| 1/13/2016 12:00:00 AM

La realidad económica de 2016

El año apenas comienza y los pronósticos del mundo ya han bajado. La economía en tiempo real dice que si nos va bien 2016 será igual a 2015, es decir igual al peor de los últimos 6 años. Crece la disparidad del desempeño económico y eso significa alguna oportunidad.

El Fondo Monetario Internacional (FMI) está por develar su bitácora para 2016 con los eventos con que terminó el 2015. La economía mundial está en presencia de un estancado comercio mundial, estamos ante uno de los años con mayor temperatura de la historia moderna, hay casi 60 millones de personas desplazadas, sigue la incertidumbre entre las tasas de interés en Estados Unidos y la desaceleración de China, y aún no se  puede asegurar que la estabilidad financiera está garantizada por lo que 2016 será otra vez decepcionante y desigual reconoce su directora Christine Lagarde.

El banco de Inversión JPMorgan comenzando el 2016 ha rebajado las proyecciones económicas de Ecuador y Venezuela y en forma más relevante ha hecho igual con el crecimiento esperado en Estados Unidos, Corea, la zona euro, dejando como resultado un crecimiento este año en el mejor de los casos igual al de 2015, que fue el más bajo desde 2009. Similarmente, por segundo año consecutivo el PIB de América Latina se contrae dada la peor crisis en Brasil en los últimos 25 años.

El académico Ashoka Mody reclama que casi en forma banal el FMI va camino a señalar por séptima vez una recuperación fallida del crecimiento entre un año y otro, por lo que tilda de banal las predicciones del organismo.

Lo que pocos discuten hoy es que aun cuando el mundo está inmerso en una revolución tecnológica, la productividad no crece y ese problema no lo puede resolver en forma sostenible la política monetaria con bajas tasas de interés.

Tanto la corrupción como la desigualdad que pudieron ser menos visibles en la bonanza de productos básicos ganan visibilidad en un entorno mundial de bajo crecimiento y caída en los precios de las materias primas.
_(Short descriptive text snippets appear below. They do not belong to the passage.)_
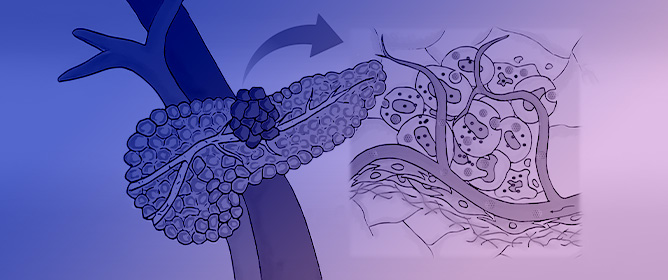 Nanocarriers for Combination Therapy in Pancreatic Ductal Adenocarcinoma: A Comprehensive Review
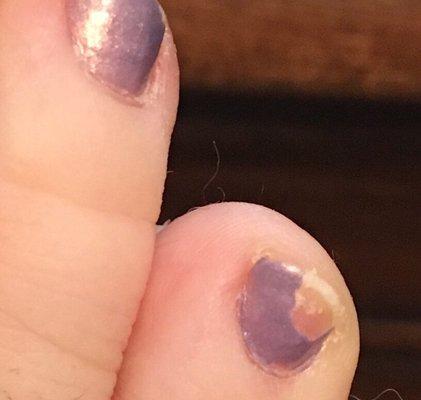 Pedicure on Monday, noticed this on Saturday. :(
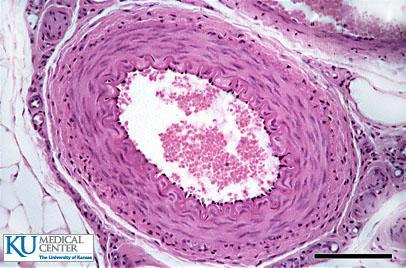 Obrázek 2: Mikroskopický preparát cévní stěny http://www.kumc.edu/instruction/medicine/anatomy/histoweb/vascular/vasc06.htm (15. 4. 2013) Tunica intima Tunica intima je vnitřní vrstva cévní stěny.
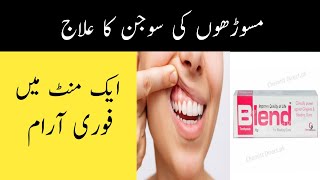 Masoro ki Sujan ka ilaj  Gum Swelling Treatment in Urdu amp Hindi [upl. by Yul]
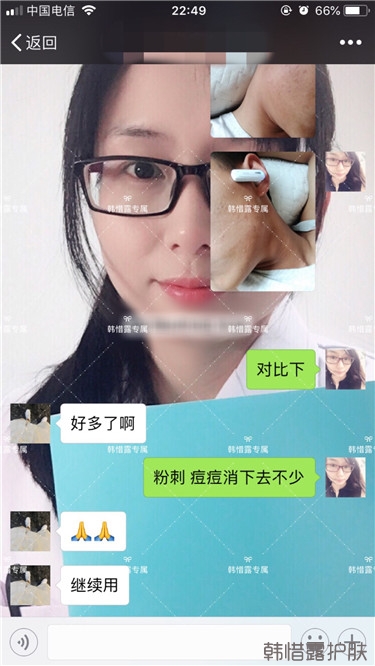 粉刺消了，皮膚光滑了，變帥氣不少呦！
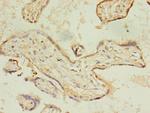 ACSL4 Polyclonal Antibody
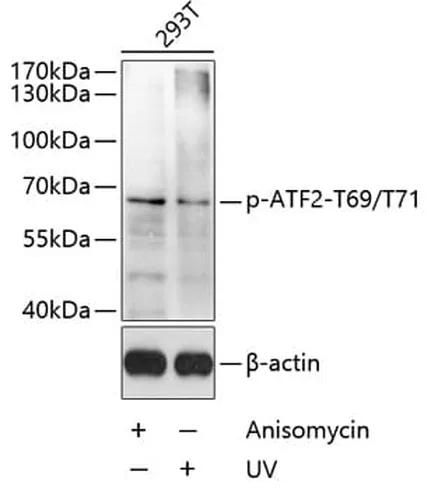 Antibodie to-ATF2 (phospho T69 + T71) 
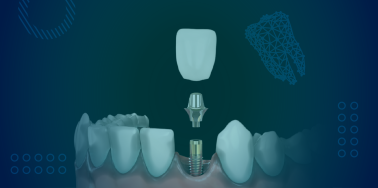 Standard Implant Crown (including abutment)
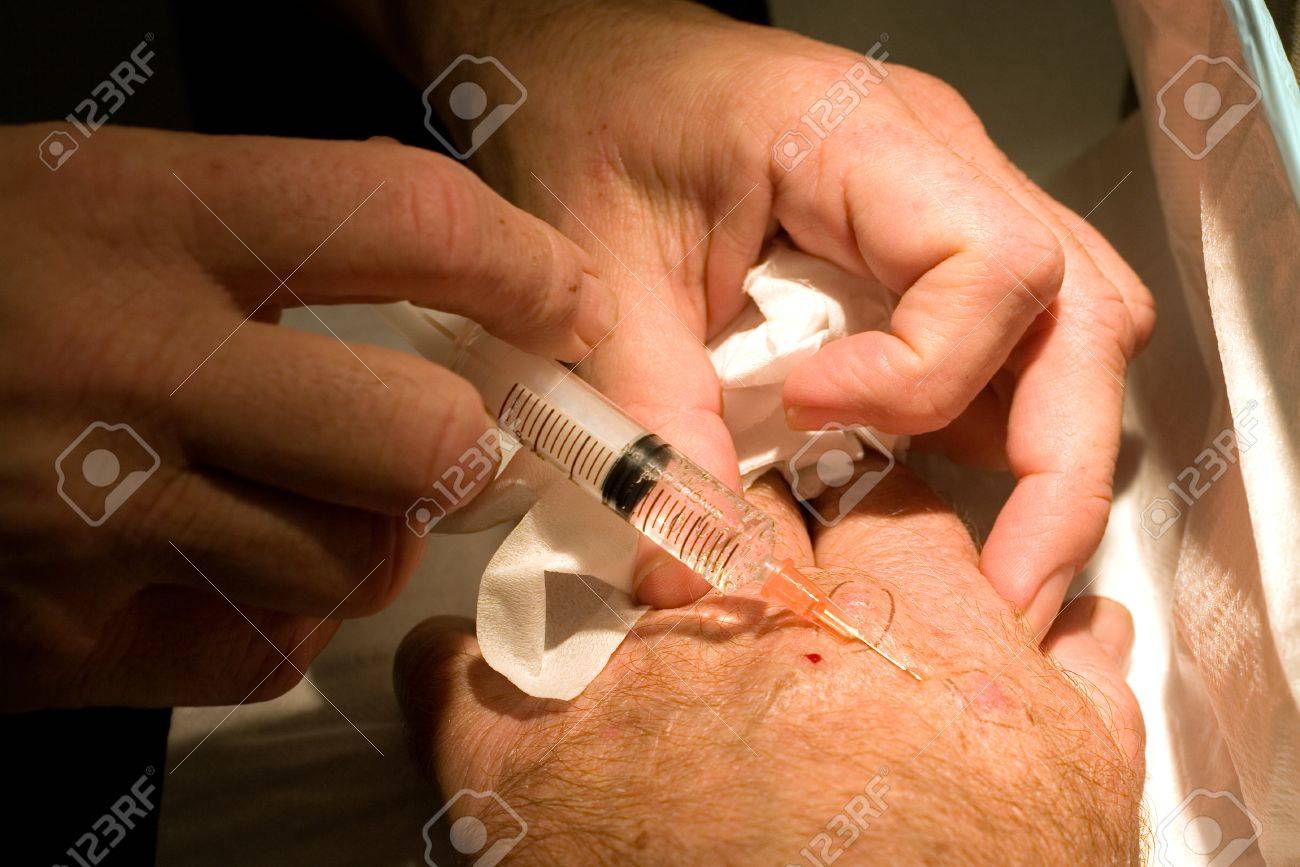 局所麻酔薬皮膚癌を切除する手術の前に手を注入されています の写真素材 画像素材 Image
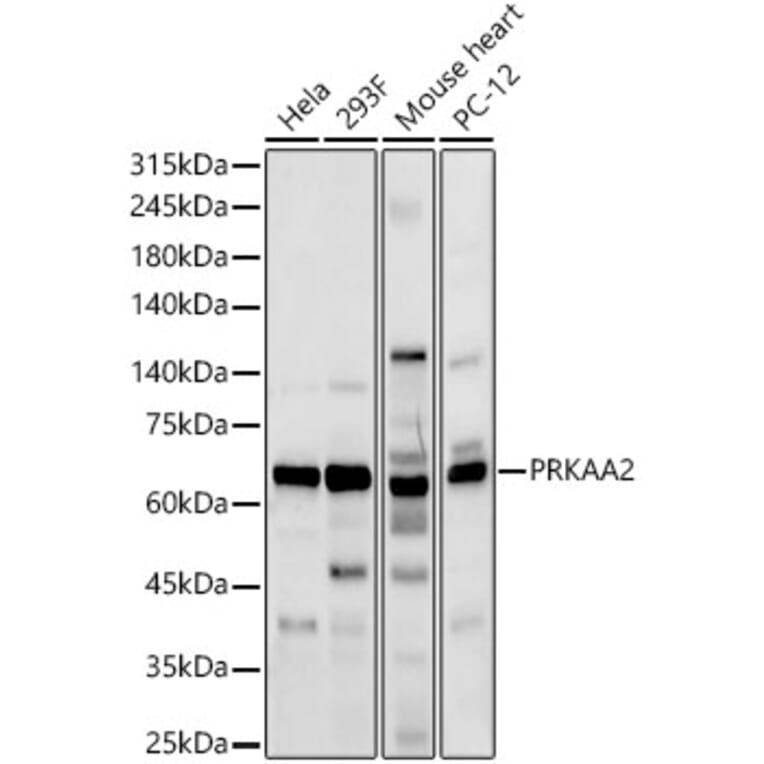 Western Blot - Anti-AMPK alpha 2 Antibody (A92373) - Antibodies.com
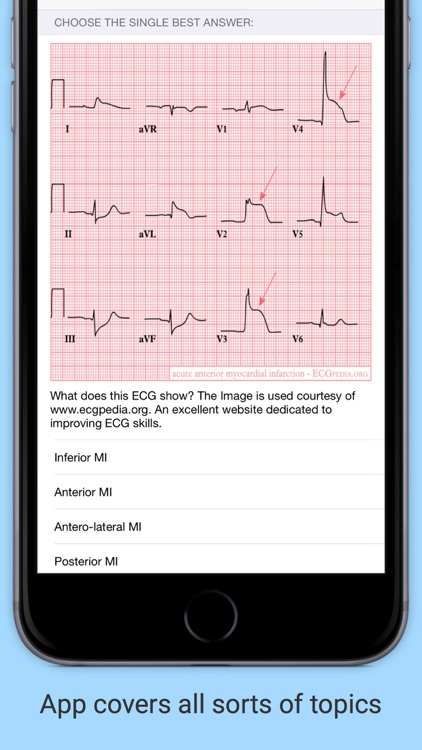 iMCQs in General Medicine screenshot-4
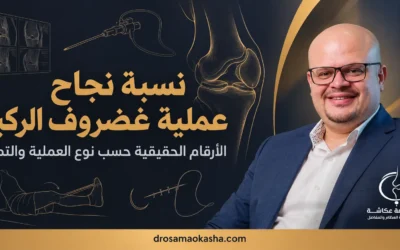 نسبة نجاح عملية غضروف الركبة: الأرقام الحقيقية حسب نوع العملية والتمزق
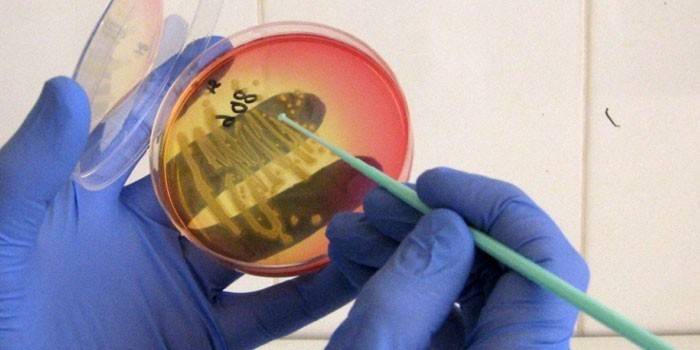 Petri trauks ar baktērijām laboratorijas palīga rokās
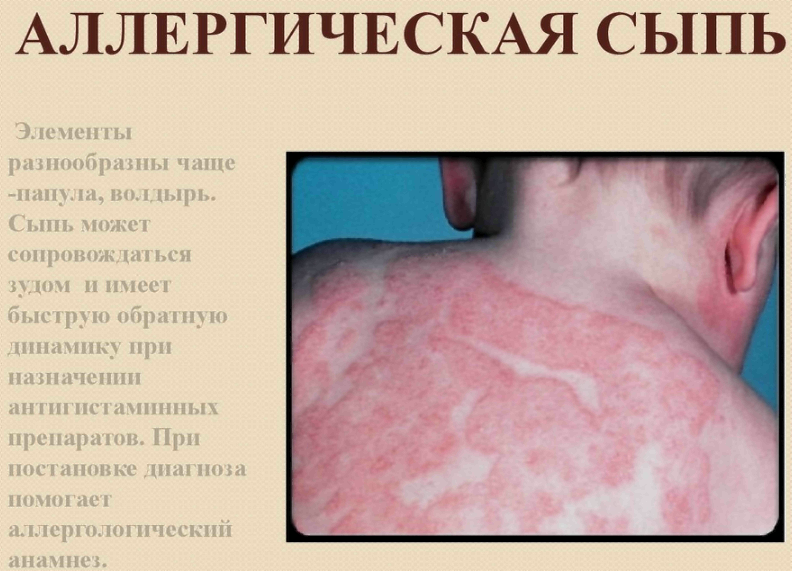 Симптомы проблем с печенью, которые легко заметить - 20 августа - fitdiets.ru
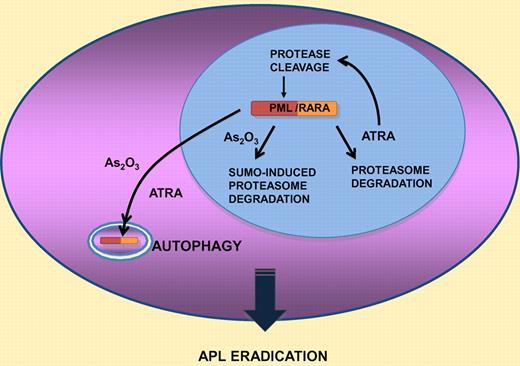 Schematic representation of the 4 pathways implicated in PML/RARA degredation by retinoic acid or arsenic trioxide (see text for details).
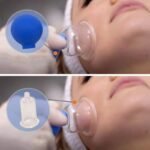 ventouses en verre pour tonifier votre peau et rajeunir visage 895 1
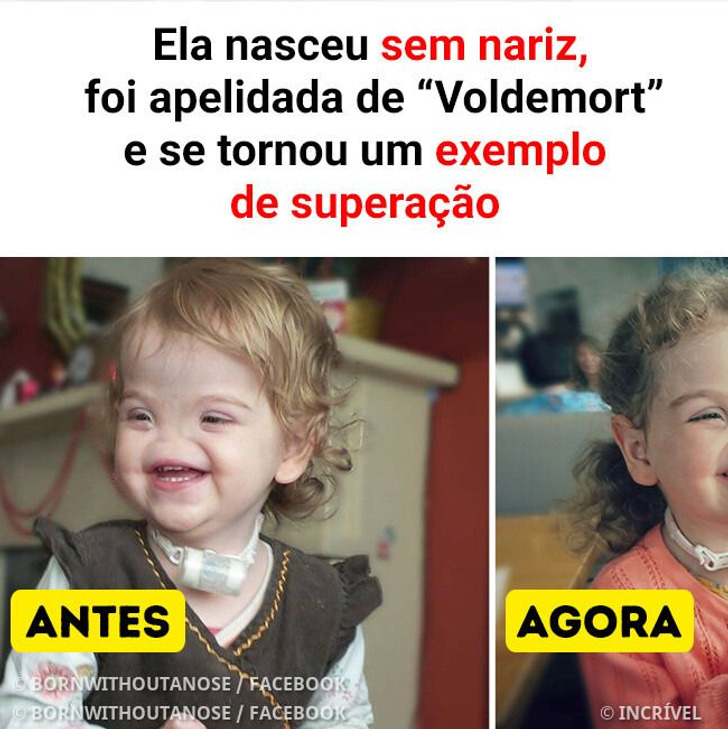 Ela nasceu sem nariz, foi apelidada de “Voldemort” e se tornou um exemplo de superação
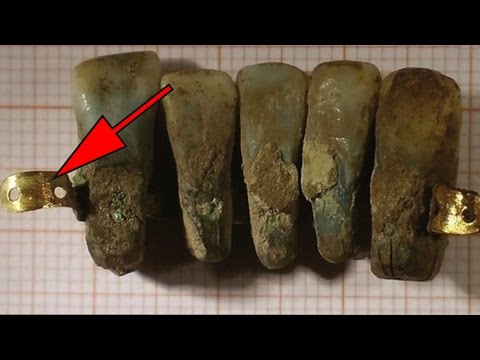 400 Year Old False Teeth Found In Italy Archaeological Discoveries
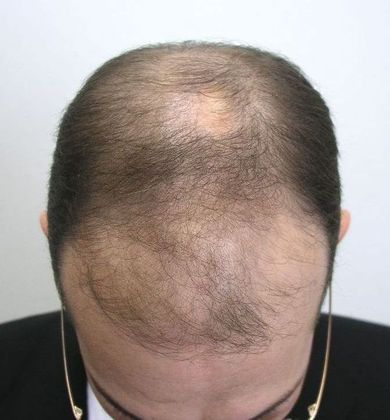 Hair Transplant - Male: Front & Top FUT - Case 48 - Before FUT hair transplant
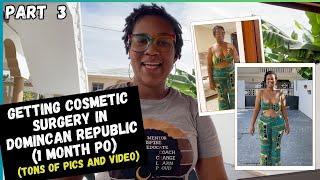 03 What happened after I got my surgery in Dominican Republic? l Part 3 Surgery VLOG l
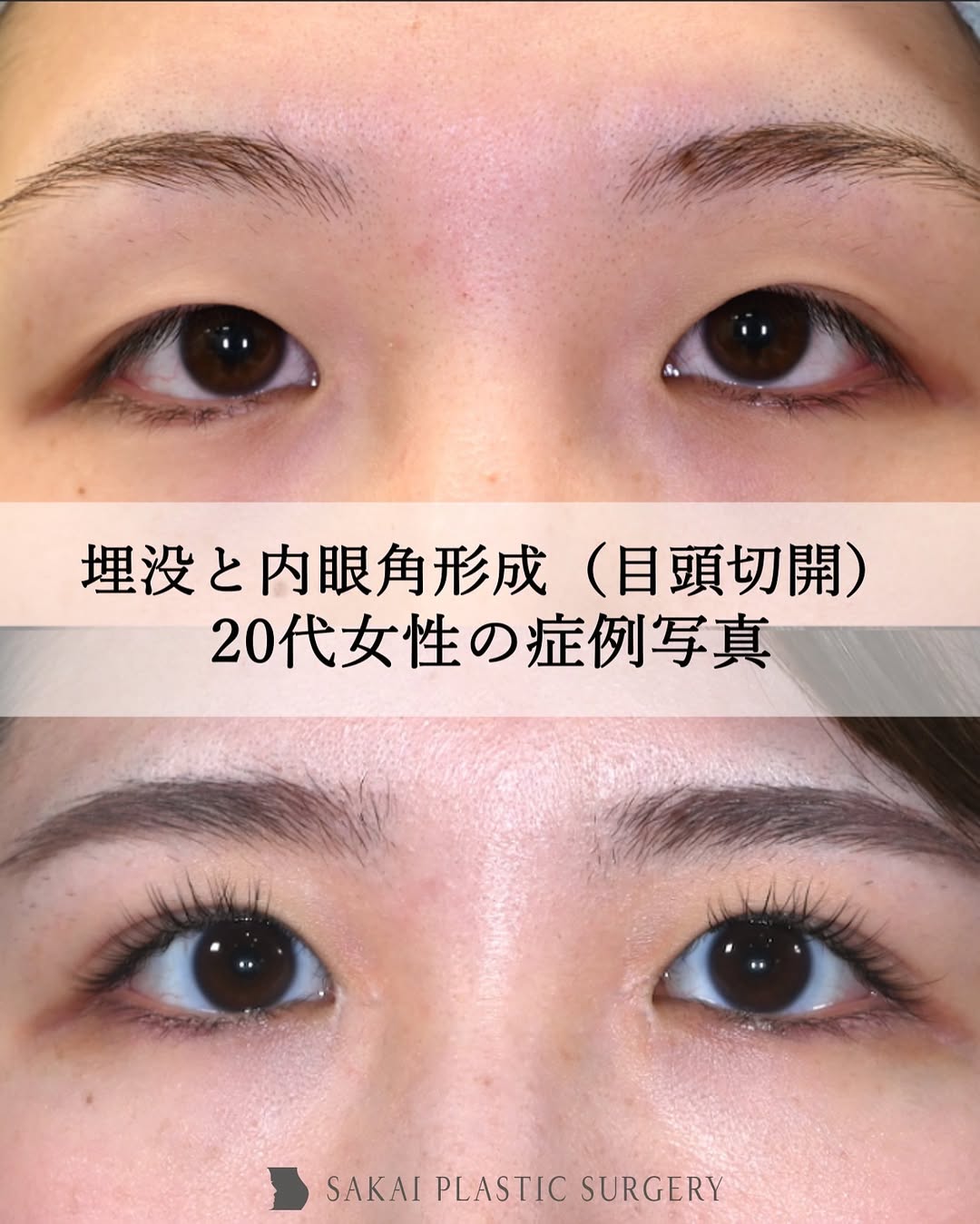 目頭切開1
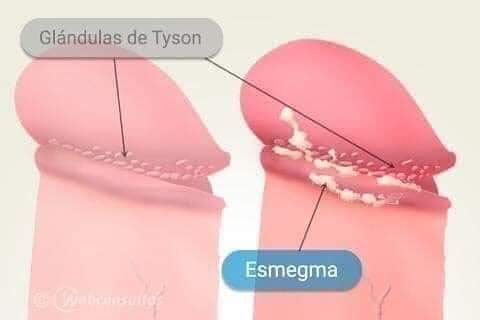 ¿Qué es el Esmegma?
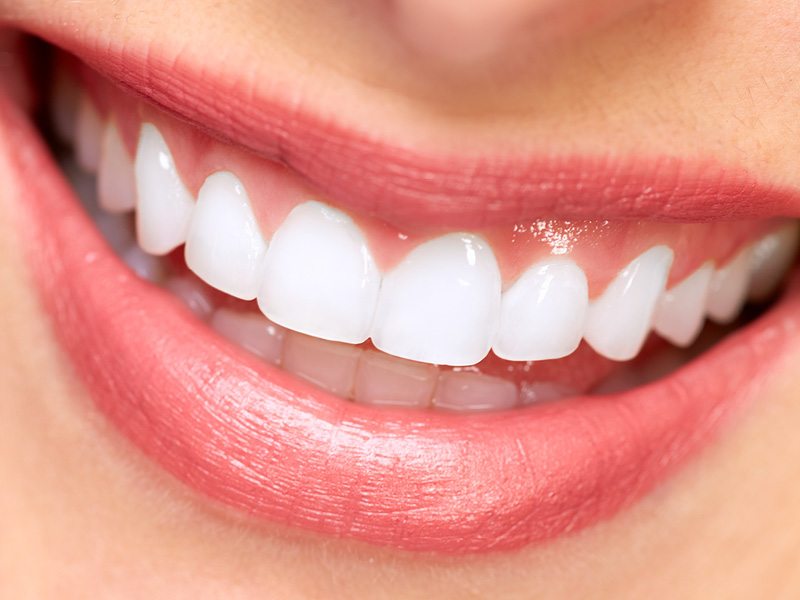 Closeup of Women's White Smile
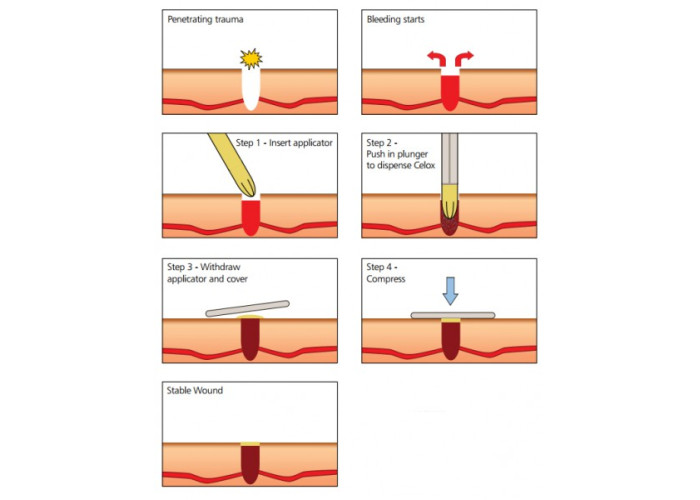 Кровоспинний аплікатор Celox-A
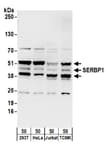 Detection of human and mouse SERBP1 by western blot.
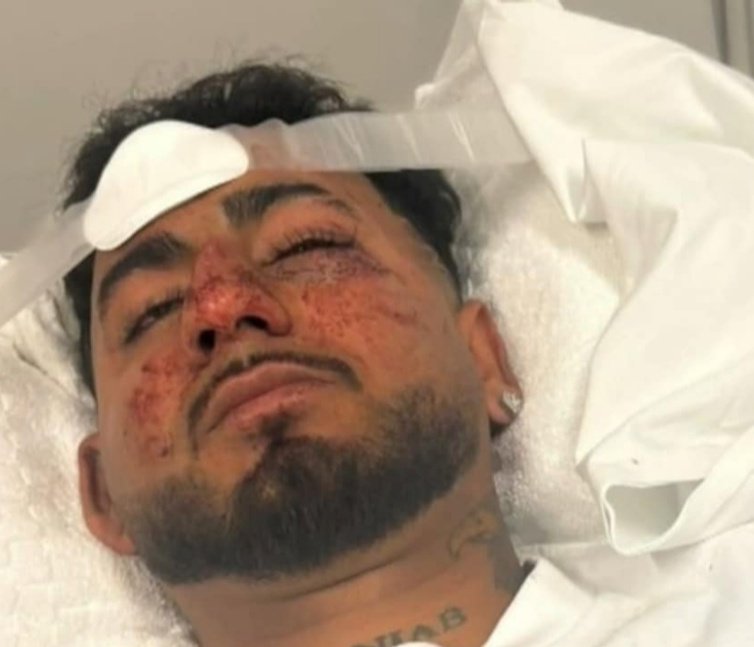 VoxShadabKhan's tweet image. THREAD🧵 | “F*Off, Indian”: Charanpreet Singh Brutally Assaulted in Racist Attack in Australia. Read till end👇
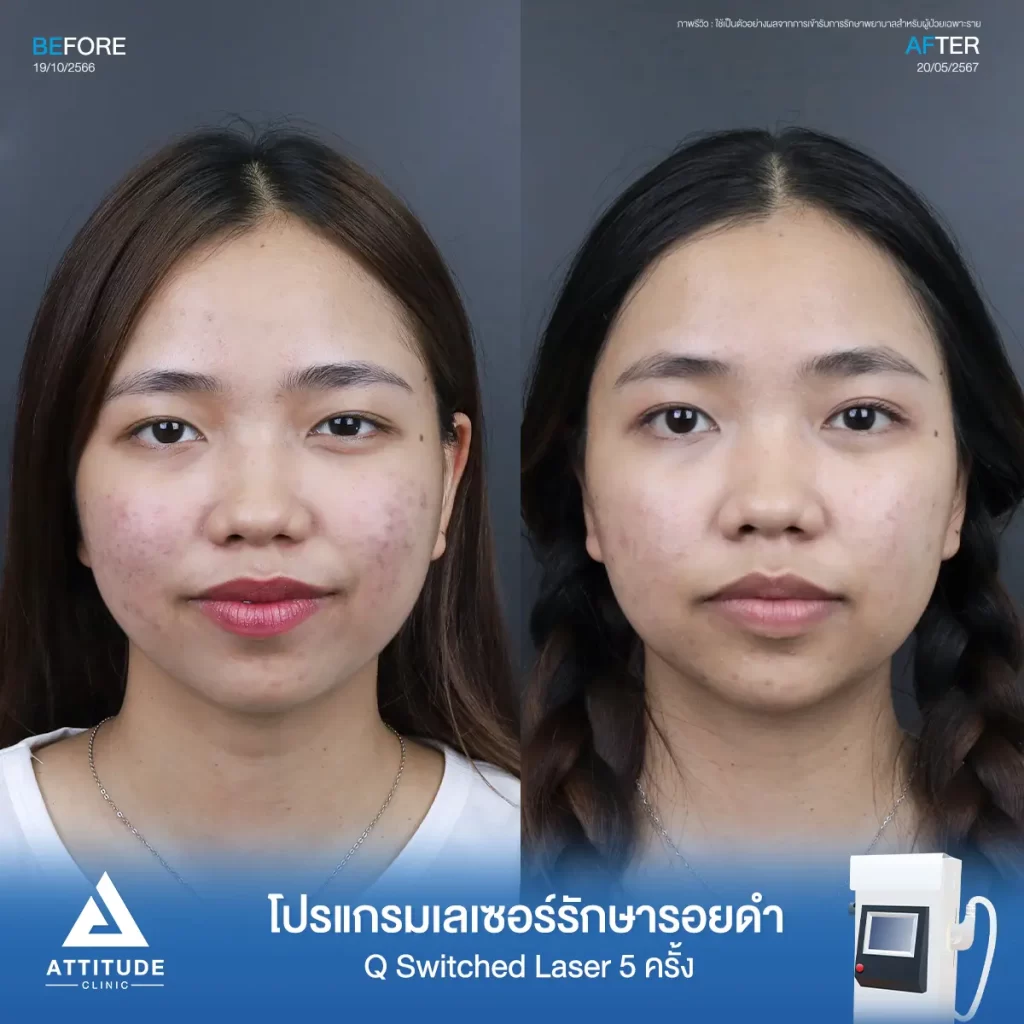 รีวิวรักษารอยดำคุณระพีพร ด้วยโปรแกรม Q Switched Laser จำนวน 5 ครั้ง รักษารอยดำจากสิว และจุดด่างดำทั่วใบหน้าโดยเฉพาะบริเวณแก้ม 2 ข้างที่ 𝗔𝘁𝘁𝗶𝘁𝘂𝗱𝗲 𝗖𝗹𝗶𝗻𝗶𝗰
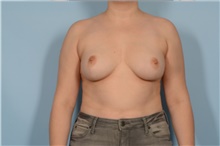 Breast Reduction After Photo by Ellen Janetzke, MD; Bloomfield Hills, MI - Case 48260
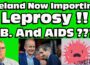 Ireland is now importing ” LEPROSY ” T.B ” And ” AIDS ” ????? This is NOT Progress !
Lo central es que las razones que han conllevado a un bajo crecimiento mundial en 2015 persistirán en 2016 y han comenzado el año señalando que se pueden intensificar. Lagarde ha señalado en un texto del World Economic Forum que si bien el FMI considera que la mayoría de economías en el mundo están mejor preparadas que en el pasado para soportar mayores tasas de interés globales, no es claro que ante la persistencia de los choques globales, la creciente debilidad de los países emergentes no termine por desatar un problema económico más complejo.

El asunto es importante porque en los últimos 5 años las economías emergentes aportaron el 80% del crecimiento mundial. A esto hay que sumarle que el sector chino de las manufacturas está en recesión y sumido en una creciente crisis en Estados Unidos.

Sin embargo, las realidades son dispares. Por más que Asia pierde fuerza su crecimiento es el que mejor brilla. Apostar al Pacifico sigue siendo lo más estratégico.